## Brief descriptive captions

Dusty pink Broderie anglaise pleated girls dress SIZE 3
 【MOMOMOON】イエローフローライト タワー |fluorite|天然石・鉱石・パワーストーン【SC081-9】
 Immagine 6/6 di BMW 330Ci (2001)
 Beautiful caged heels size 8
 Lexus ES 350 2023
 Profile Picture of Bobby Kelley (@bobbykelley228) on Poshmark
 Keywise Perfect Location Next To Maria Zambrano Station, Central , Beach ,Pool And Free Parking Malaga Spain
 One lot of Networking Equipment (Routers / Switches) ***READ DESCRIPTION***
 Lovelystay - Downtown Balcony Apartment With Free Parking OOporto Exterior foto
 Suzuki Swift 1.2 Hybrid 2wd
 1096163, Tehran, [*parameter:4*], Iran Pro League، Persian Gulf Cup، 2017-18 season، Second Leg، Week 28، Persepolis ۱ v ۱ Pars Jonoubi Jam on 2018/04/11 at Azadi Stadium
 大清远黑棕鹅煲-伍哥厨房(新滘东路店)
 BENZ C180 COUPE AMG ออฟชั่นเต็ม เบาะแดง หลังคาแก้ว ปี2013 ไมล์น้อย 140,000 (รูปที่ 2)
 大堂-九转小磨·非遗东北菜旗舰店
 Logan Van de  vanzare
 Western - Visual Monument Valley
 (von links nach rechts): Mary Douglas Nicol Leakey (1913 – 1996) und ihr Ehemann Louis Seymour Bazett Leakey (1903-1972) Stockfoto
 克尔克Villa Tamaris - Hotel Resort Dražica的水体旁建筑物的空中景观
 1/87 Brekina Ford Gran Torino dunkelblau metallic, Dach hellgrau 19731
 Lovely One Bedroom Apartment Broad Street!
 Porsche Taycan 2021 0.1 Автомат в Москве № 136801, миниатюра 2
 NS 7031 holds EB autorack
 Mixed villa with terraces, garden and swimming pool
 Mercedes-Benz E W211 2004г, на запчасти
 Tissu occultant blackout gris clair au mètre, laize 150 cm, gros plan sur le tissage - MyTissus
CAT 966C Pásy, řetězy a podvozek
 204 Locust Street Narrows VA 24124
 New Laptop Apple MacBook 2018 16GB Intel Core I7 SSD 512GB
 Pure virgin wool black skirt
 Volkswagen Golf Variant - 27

## Task description
Would you please repeat all the entries exactly as written?

## Answer to this problem
Dusty pink Broderie anglaise pleated girls dress SIZE 3
 【MOMOMOON】イエローフローライト タワー |fluorite|天然石・鉱石・パワーストーン【SC081-9】
 Immagine 6/6 di BMW 330Ci (2001)
 Beautiful caged heels size 8
 Lexus ES 350 2023
 Profile Picture of Bobby Kelley (@bobbykelley228) on Poshmark
 Keywise Perfect Location Next To Maria Zambrano Station, Central , Beach ,Pool And Free Parking Malaga Spain
 One lot of Networking Equipment (Routers / Switches) ***READ DESCRIPTION***
 Lovelystay - Downtown Balcony Apartment With Free Parking OOporto Exterior foto
 Suzuki Swift 1.2 Hybrid 2wd
 1096163, Tehran, [*parameter:4*], Iran Pro League، Persian Gulf Cup، 2017-18 season، Second Leg، Week 28، Persepolis ۱ v ۱ Pars Jonoubi Jam on 2018/04/11 at Azadi Stadium
 大清远黑棕鹅煲-伍哥厨房(新滘东路店)
 BENZ C180 COUPE AMG ออฟชั่นเต็ม เบาะแดง หลังคาแก้ว ปี2013 ไมล์น้อย 140,000 (รูปที่ 2)
 大堂-九转小磨·非遗东北菜旗舰店
 Logan Van de  vanzare
 Western - Visual Monument Valley
 (von links nach rechts): Mary Douglas Nicol Leakey (1913 – 1996) und ihr Ehemann Louis Seymour Bazett Leakey (1903-1972) Stockfoto
 克尔克Villa Tamaris - Hotel Resort Dražica的水体旁建筑物的空中景观
 1/87 Brekina Ford Gran Torino dunkelblau metallic, Dach hellgrau 19731
 Lovely One Bedroom Apartment Broad Street!
 Porsche Taycan 2021 0.1 Автомат в Москве № 136801, миниатюра 2
 NS 7031 holds EB autorack
 Mixed villa with terraces, garden and swimming pool
 Mercedes-Benz E W211 2004г, на запчасти
 Tissu occultant blackout gris clair au mètre, laize 150 cm, gros plan sur le tissage - MyTissus
CAT 966C Pásy, řetězy a podvozek
 204 Locust Street Narrows VA 24124
 New Laptop Apple MacBook 2018 16GB Intel Core I7 SSD 512GB
 Pure virgin wool black skirt
 Volkswagen Golf Variant - 27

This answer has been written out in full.